> **Exercise description**: Below are some entries. Copy each line in them that holds "Pink".

> **Stored entries**:
=== Section Start ===

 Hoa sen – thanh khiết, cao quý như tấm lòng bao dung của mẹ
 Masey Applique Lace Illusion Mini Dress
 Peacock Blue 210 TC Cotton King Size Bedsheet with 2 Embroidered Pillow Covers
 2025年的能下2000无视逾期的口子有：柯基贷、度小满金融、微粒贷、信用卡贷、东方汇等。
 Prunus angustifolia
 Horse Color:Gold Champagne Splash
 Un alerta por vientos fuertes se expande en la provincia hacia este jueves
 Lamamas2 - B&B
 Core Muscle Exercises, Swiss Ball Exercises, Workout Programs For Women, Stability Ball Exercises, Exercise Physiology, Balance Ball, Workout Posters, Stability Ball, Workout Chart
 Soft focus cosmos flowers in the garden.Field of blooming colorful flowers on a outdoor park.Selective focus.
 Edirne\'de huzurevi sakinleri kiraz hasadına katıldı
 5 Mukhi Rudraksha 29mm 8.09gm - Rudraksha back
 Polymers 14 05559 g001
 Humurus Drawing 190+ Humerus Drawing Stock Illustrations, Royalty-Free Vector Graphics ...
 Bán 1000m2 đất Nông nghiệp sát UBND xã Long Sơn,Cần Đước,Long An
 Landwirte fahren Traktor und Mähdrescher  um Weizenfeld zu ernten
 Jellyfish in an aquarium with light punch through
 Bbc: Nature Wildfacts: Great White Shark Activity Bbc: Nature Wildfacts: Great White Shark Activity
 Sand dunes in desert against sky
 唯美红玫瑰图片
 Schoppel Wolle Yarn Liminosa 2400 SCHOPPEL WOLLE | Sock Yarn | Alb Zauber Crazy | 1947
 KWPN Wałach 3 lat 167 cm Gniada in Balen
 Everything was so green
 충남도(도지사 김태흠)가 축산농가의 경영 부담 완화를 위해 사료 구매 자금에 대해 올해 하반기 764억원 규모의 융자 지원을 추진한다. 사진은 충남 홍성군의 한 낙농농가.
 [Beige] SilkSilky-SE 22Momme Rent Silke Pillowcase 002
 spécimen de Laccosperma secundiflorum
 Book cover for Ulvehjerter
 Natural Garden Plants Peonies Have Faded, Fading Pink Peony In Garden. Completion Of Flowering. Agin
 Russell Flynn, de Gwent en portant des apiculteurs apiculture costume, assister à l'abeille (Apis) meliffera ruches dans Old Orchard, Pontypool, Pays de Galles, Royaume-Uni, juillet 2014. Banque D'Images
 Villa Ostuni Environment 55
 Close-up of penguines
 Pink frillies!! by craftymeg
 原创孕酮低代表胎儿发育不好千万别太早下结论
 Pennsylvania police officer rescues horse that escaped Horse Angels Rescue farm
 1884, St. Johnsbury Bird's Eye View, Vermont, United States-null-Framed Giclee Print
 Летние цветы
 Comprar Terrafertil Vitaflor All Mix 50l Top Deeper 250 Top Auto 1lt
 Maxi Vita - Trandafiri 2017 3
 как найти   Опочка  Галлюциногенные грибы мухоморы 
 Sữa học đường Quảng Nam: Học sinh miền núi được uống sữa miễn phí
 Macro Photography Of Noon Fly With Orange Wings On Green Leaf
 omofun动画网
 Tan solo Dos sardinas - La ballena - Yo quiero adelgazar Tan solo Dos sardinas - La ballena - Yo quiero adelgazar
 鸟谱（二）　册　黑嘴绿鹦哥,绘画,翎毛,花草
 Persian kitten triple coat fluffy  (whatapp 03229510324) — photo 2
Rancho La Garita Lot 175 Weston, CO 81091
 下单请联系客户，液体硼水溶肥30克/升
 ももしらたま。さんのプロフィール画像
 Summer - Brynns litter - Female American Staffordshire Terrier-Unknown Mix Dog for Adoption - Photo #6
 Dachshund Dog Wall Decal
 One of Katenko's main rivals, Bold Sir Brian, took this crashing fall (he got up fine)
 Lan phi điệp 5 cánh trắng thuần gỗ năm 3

=== Section End ===

> **Output of the exercise**:
 Natural Garden Plants Peonies Have Faded, Fading Pink Peony In Garden. Completion Of Flowering. Agin
 Pink frillies!! by craftymeg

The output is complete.